[What is needed]: Leaving the images out, output each entry below exactly.
========
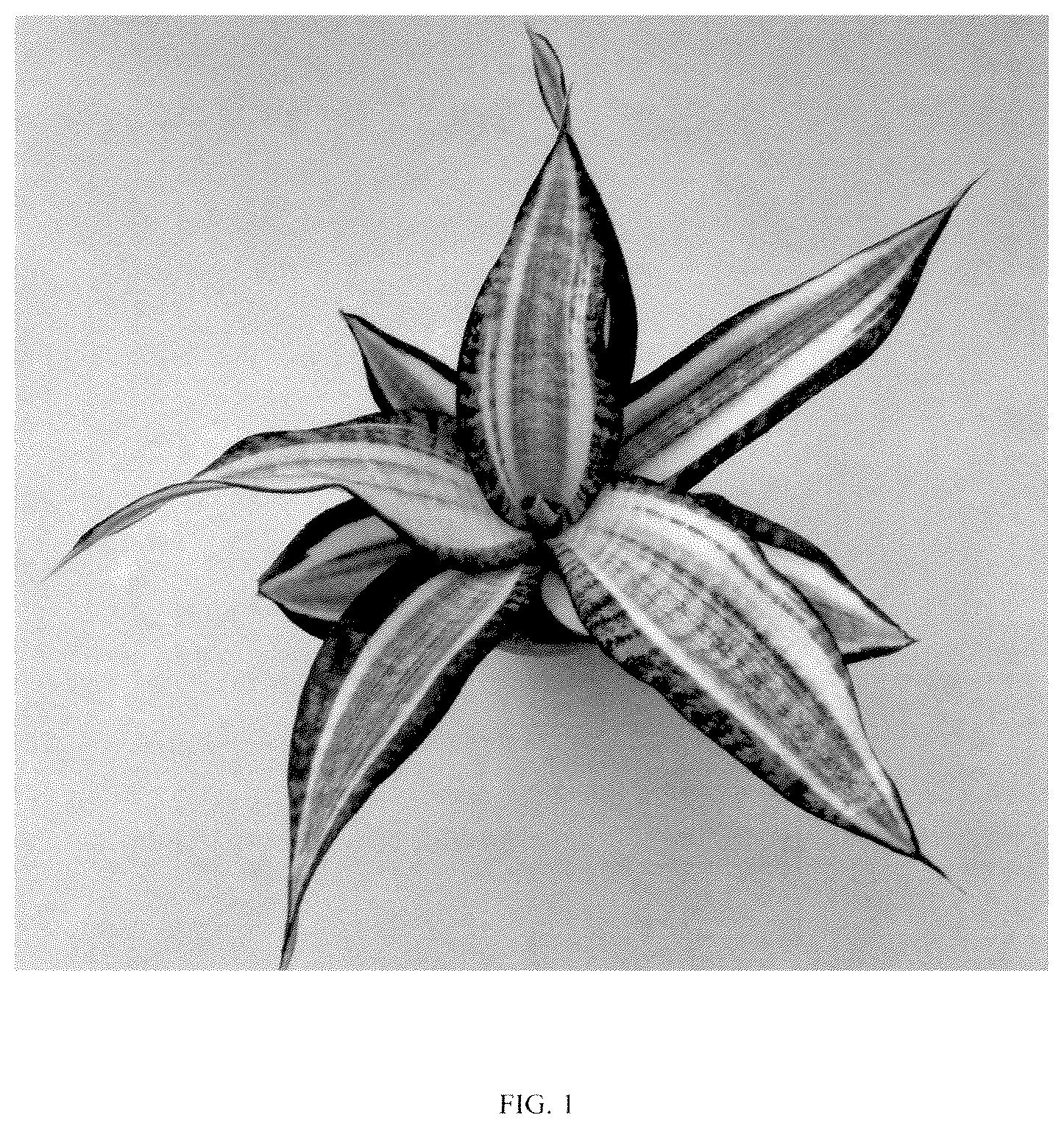 Patent USPP036858 Figure 1 – Sansevieria plant named ‘Hansoti55’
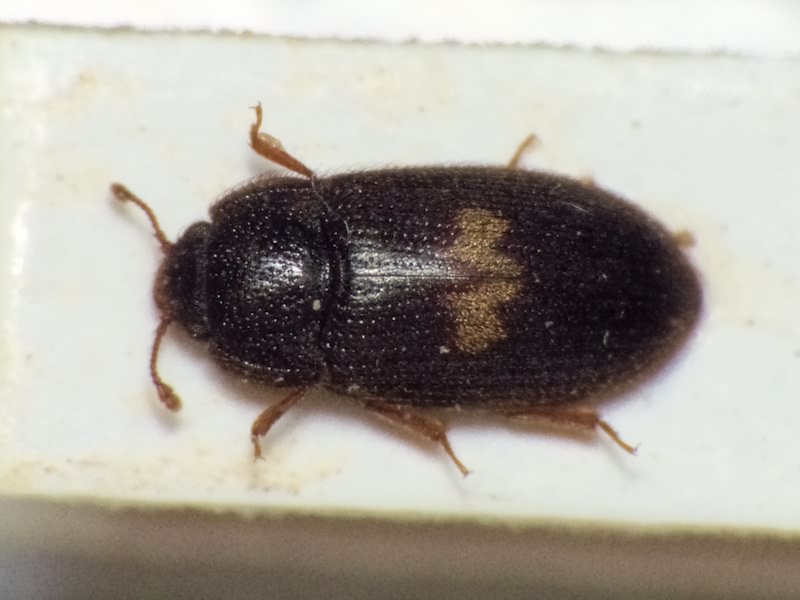Biphyllus lunatus (Fabricius, 1792)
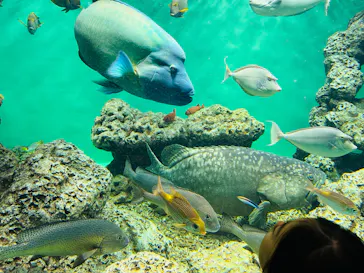 葛西臨海水族園に投稿された画像（2025/12/20）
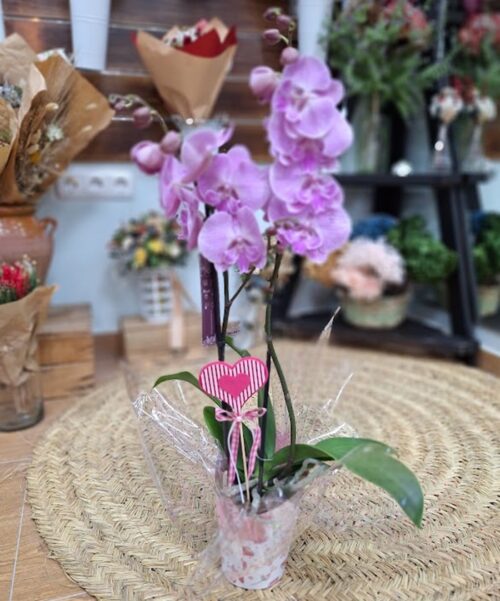 Planta de Orquídea "Salitre"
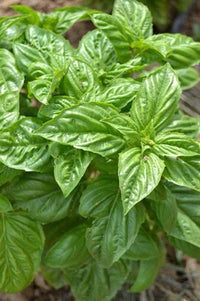 Non-GMO Lettuce Leaf Basil seeds for decorative herb gardens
========
[Response box]:
 Patent USPP036858 Figure 1 – Sansevieria plant named ‘Hansoti55’
Biphyllus lunatus (Fabricius, 1792)
 葛西臨海水族園に投稿された画像（2025/12/20）
 Planta de Orquídea "Salitre"
 Non-GMO Lettuce Leaf Basil seeds for decorative herb gardens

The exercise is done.